Deval Sanghavi’s excellent reflection on ‘Helping Indians to help India’ was a strong validation for the importance of peer learning between and among (venture) philanthropists, and on some level confirms the idea that ‘investor readiness’ is not just a goal for entrepreneurs alone. Rather, it concerns donors as well. As impact investors, we should be aiming to achieve higher levels of readiness to execute on our stated commitments to give more and better, particularly in areas that do not represent ‘low-hanging fruit’ like Bihar.
The focus on Bihar as a hotbed of innovation in the rural electrification space was extremely well articulated. There is a ring of truth about the idea that ‘if one can make it work in Bihar, one can make it work anywhere’, although it begs the big question of whether and how this part of the country can become more accessible and understandable to those who seek to deploy capital there.
Social investment in India in general is currently a minefield: the instruments are not readily understandable, rules and regulation shift frequently, and the rules surrounding exit clauses are opaque to say the least. Moreover, the less infrastructure and the higher the perceived levels of corruption in an area, the greater the transaction costs for external investors, to the point where social enterprise investments from outside the country become almost pro bono efforts. In some cases, more will be spent on understanding the deal than on the deal itself. Grasping the complexities of distribution channels for most energy or FMCG (fast-moving consumer goods) products in a Bihari context is a challenge that is likely to be overcome only by understanding what constitutes ‘best practice’ in a large number of areas: end-user finance, rural marketing and after-sales services, to name a few.

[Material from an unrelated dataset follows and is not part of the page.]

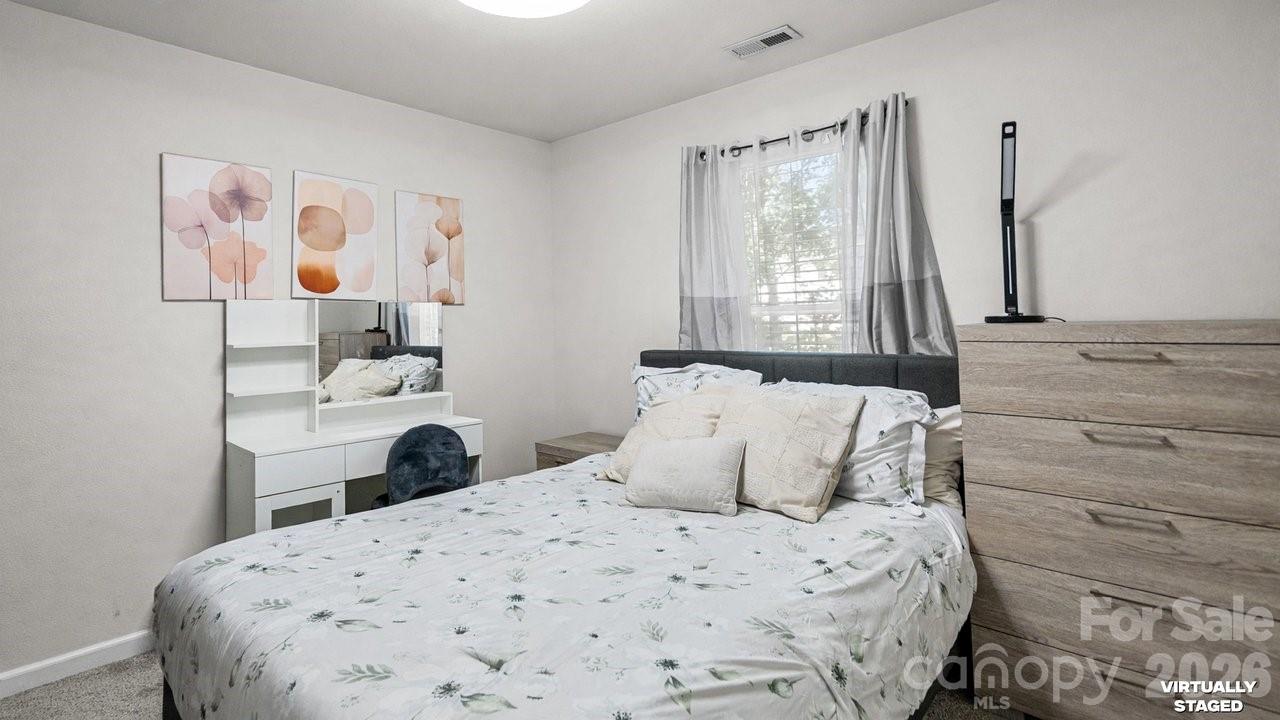 935 Torsion Lane — Clover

We also have to appreciate how price- and quality-conscious the BoP (bottom of the pyramid) customer is; we are unlikely to find a more discerning customer anywhere else in the world! There are also other dynamic elements that need to be understood, like the volatile role of government subsidies, and local political activity that could affect the prices of a key commodity or crop. One obvious way to deal with these considerations is to work closely with the most active external investors in the area – in Bihar this means players like Shell Foundation, Bamboo Finance, Acumen Fund, LGT VP, LCEF/ERM – and with the Indian leaders in this sector like Aavishkaar, whose understanding of the reality is obviously much deeper than that of any external organization.
With nearly a third of the world’s energy-poor living in the country, there is no shortage of opportunity for impact investors to engage and make an impact in India. The challenge, however, is not just to identify those who are introducing new technology but to understand the service that is being provided around this technology – for whose benefit, whether it suits your investment mandate (there are those, for example, who avoid biodiesel or feedstock type solutions that involve any kind of crop), and how to conceptualize the notion of risk. Finally, as we get closer to understanding these things and to having wide-scale social impact in an area of India that is absolutely ripe for change, we need to remain humble.
India in general – and Bihar more specifically – is a great example of a place where capital is really just the tiniest piece of the solution to any great problem, and these are early days in the BoP space. While we work carefully to ensure that the types of capital we are providing do not distort the local economy (for instance, grants that may be used to subsidize the price of an end-product or service), we also have to be realistic enough to recognize that these tranches of soft capital are but a first step towards building the kinds of sustainable enterprise that will be capable of absorbing mainstream capital. Hopefully these later injections of finance will come from within India’s own pool of great wealth, whether from individual philanthropists or from its active private equity houses.